◆ DATA BLOCK ◆
▼

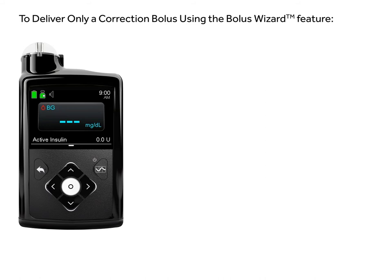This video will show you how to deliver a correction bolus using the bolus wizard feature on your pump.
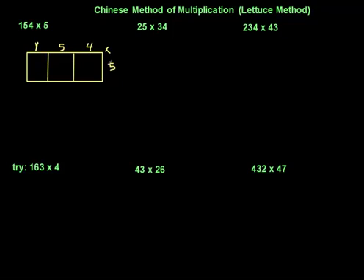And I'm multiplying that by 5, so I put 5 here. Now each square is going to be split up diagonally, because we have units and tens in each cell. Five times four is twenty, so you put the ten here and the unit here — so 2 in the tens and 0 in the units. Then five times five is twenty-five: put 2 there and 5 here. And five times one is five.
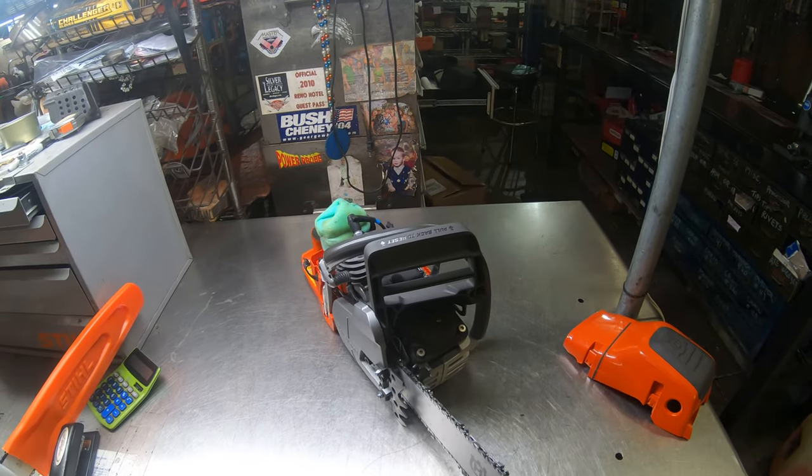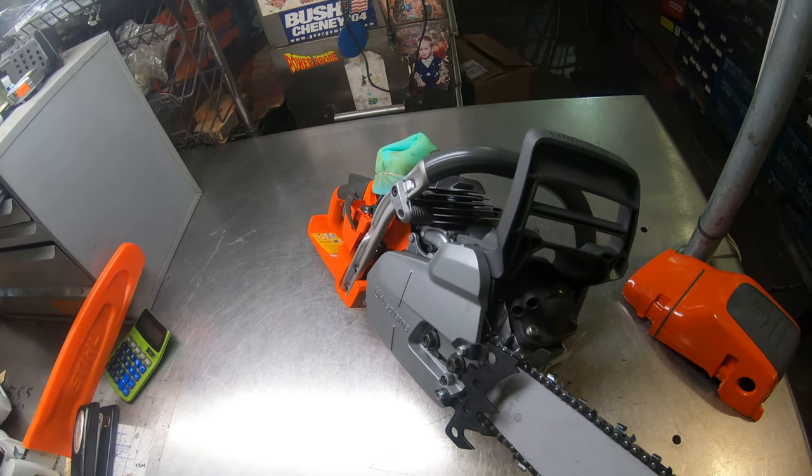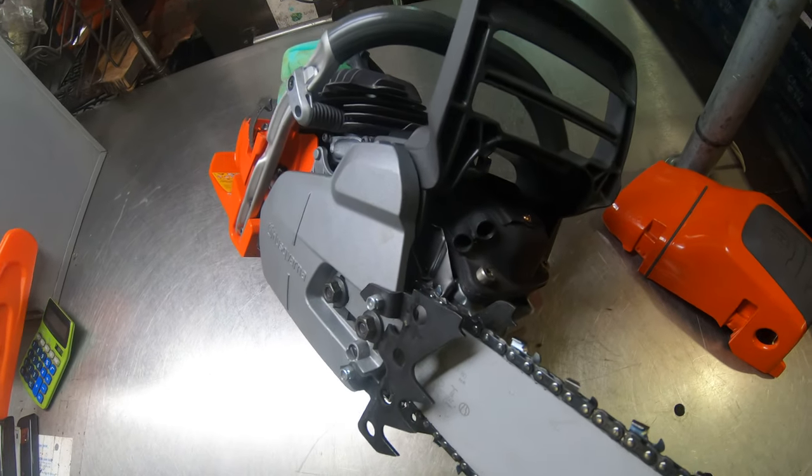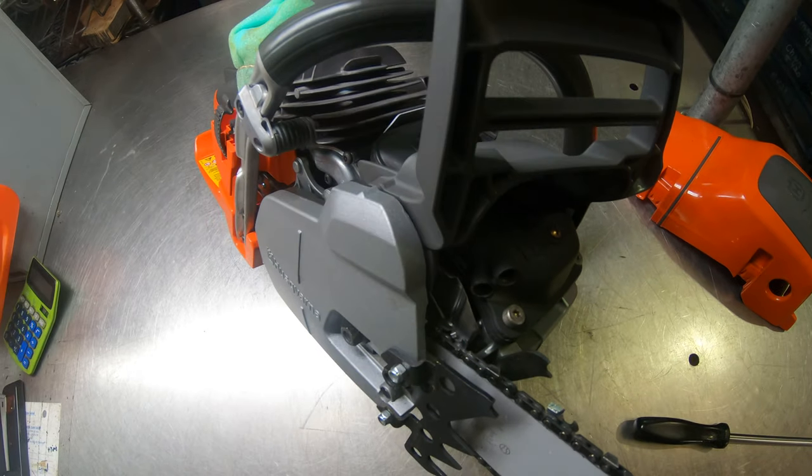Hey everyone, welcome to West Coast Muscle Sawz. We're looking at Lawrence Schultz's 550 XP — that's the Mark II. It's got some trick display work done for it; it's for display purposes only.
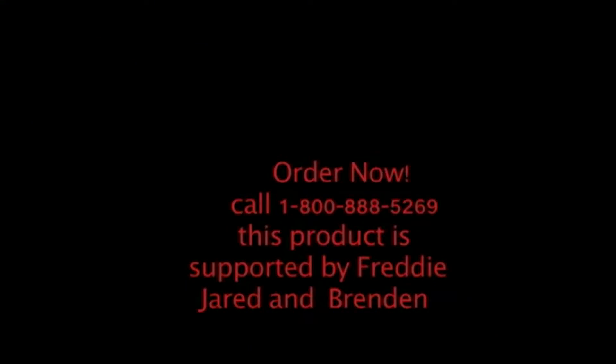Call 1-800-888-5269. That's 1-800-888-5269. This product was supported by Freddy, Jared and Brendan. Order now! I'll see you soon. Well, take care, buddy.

▲

◆ DIRECTIONS FOR THIS TASK ◆
Retype the listing exactly. Skip every picture.

◆ RESULT OF THIS EXERCISE ◆
This video will show you how to deliver a correction bolus using the bolus wizard feature on your pump.
And I'm multiplying that by 5, so I put 5 here. Now each square is going to be split up diagonally, because we have units and tens in each cell. Five times four is twenty, so you put the ten here and the unit here — so 2 in the tens and 0 in the units. Then five times five is twenty-five: put 2 there and 5 here. And five times one is five.
Hey everyone, welcome to West Coast Muscle Sawz. We're looking at Lawrence Schultz's 550 XP — that's the Mark II. It's got some trick display work done for it; it's for display purposes only.
Call 1-800-888-5269. That's 1-800-888-5269. This product was supported by Freddy, Jared and Brendan. Order now! I'll see you soon. Well, take care, buddy.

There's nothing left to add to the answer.